- Task description: Leaving out every picture, copy the lines of the data exactly, from the first through the line containing "nike tanjun mint".

- Source material:
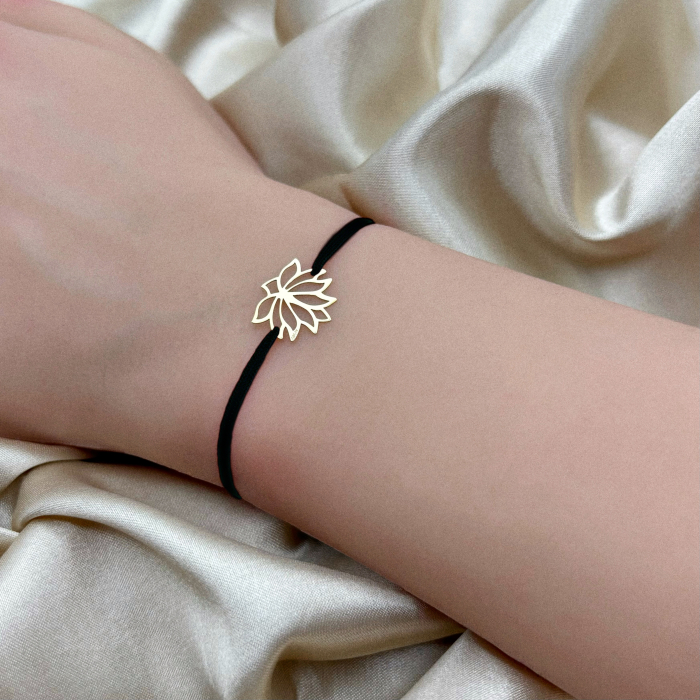 Bratara cu pandantiv Lotus din Aur 14K [3]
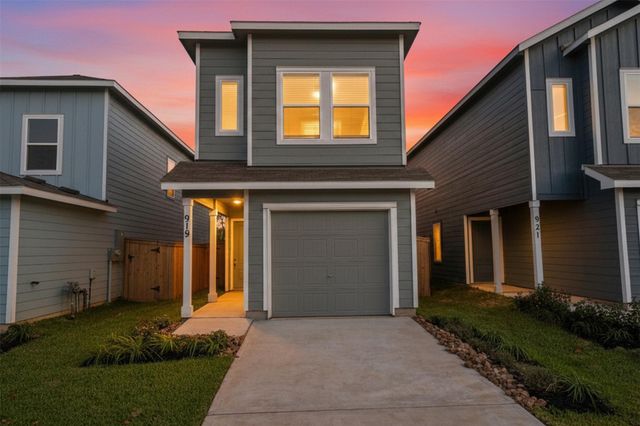 919 Pertuso Lane, Huffman, TX 77336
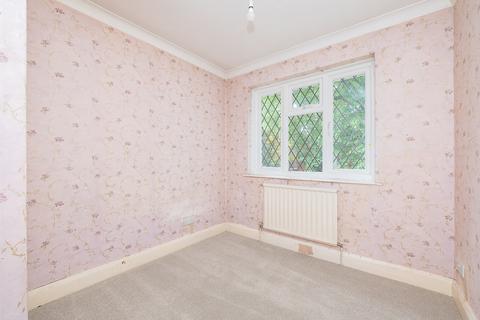 27 Camborne Road, Sutton, SM2 6RJ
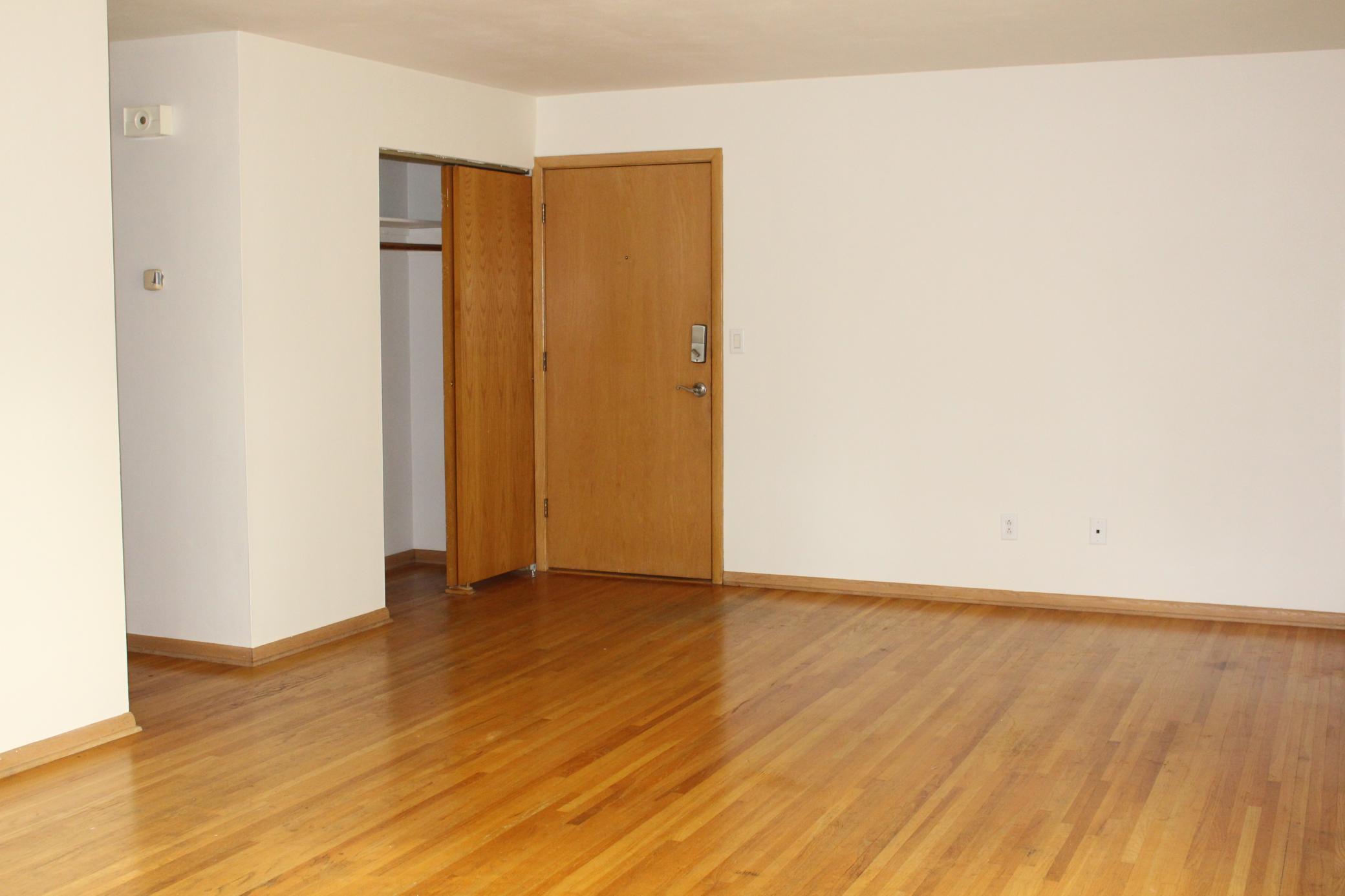 1959 triplex for sale at 1225 10th Street N in Fargo, ND — 2 bed, 1 bath (photo 12 of 18)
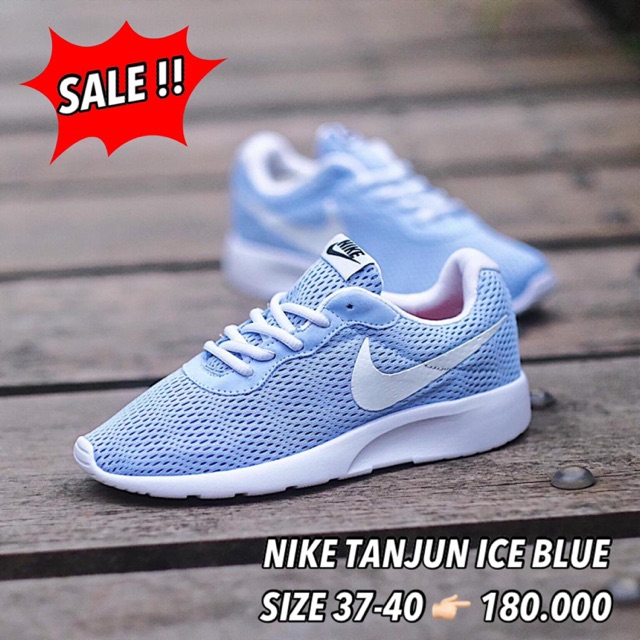 nike tanjun mint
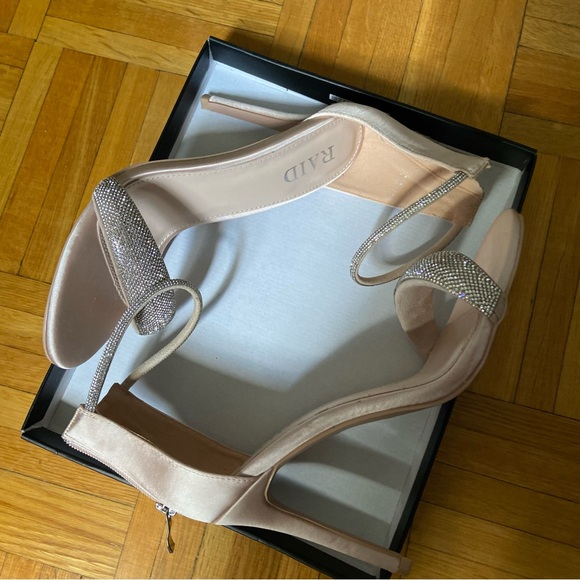 RAID Strap Heels in Nude Blush Color Size 38 - Picture 7 of 7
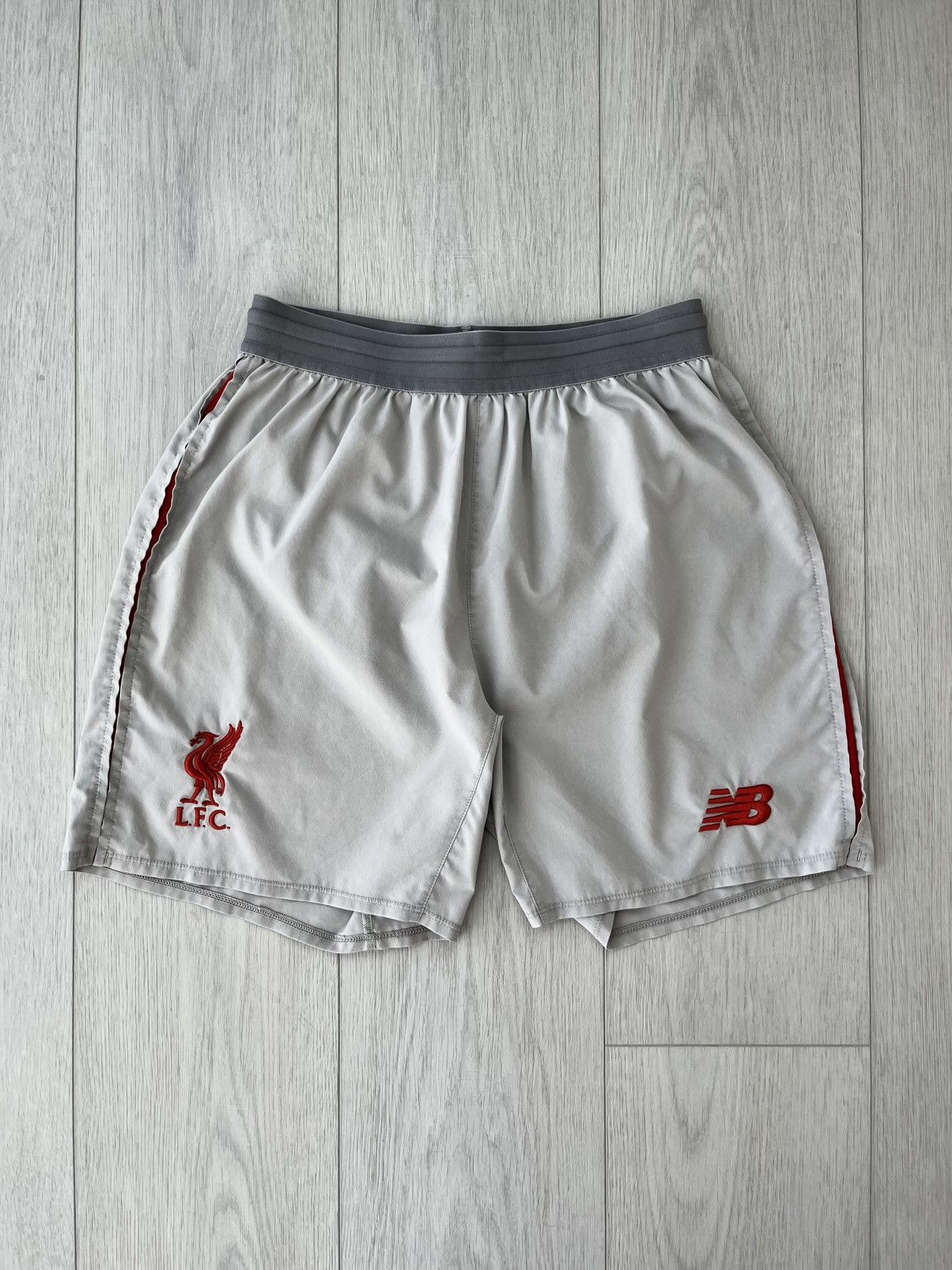 New Balance New Balance FC Liverpool Soccer Shorts Size US 30 / EU 46 - 1 Thumbnail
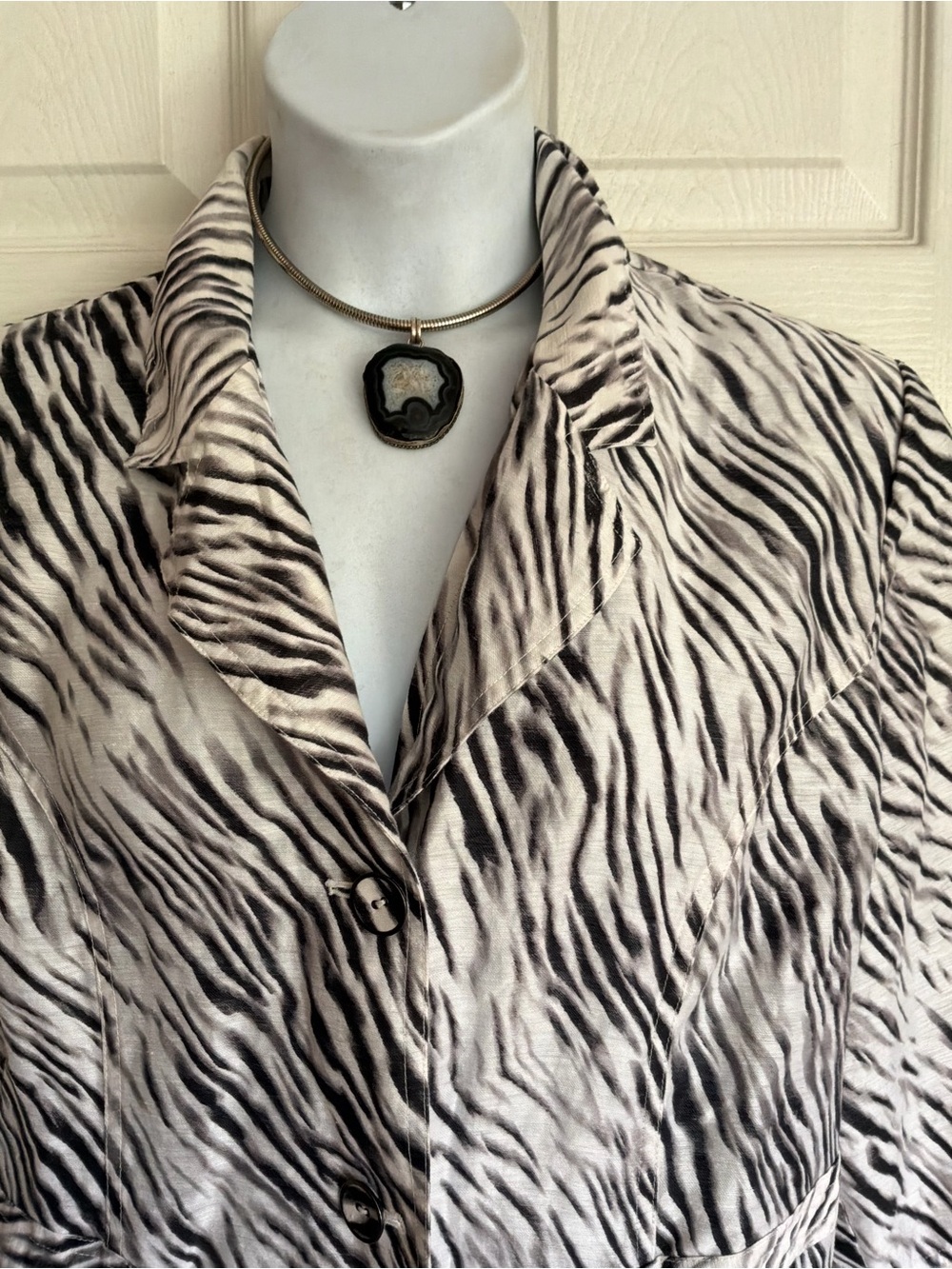 CHICO’S…linen jacket - Picture 2 of 9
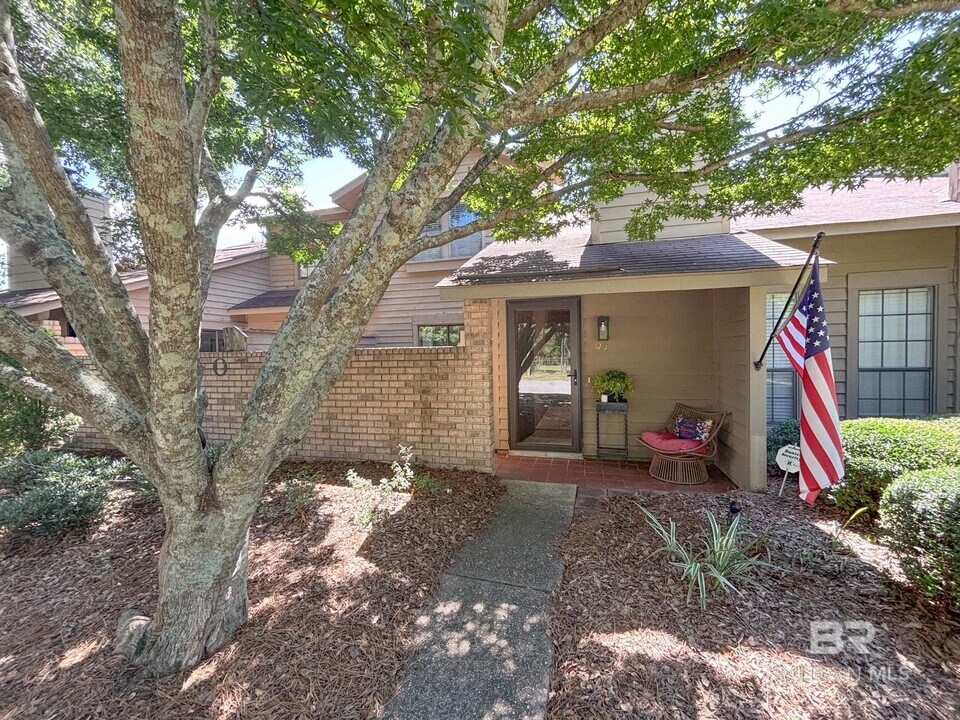 200 Parma Dr in Daphne, AL - Building Photo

- Solution for this exercise:
 Bratara cu pandantiv Lotus din Aur 14K [3]
 919 Pertuso Lane, Huffman, TX 77336
 27 Camborne Road, Sutton, SM2 6RJ
 1959 triplex for sale at 1225 10th Street N in Fargo, ND — 2 bed, 1 bath (photo 12 of 18)
 nike tanjun mint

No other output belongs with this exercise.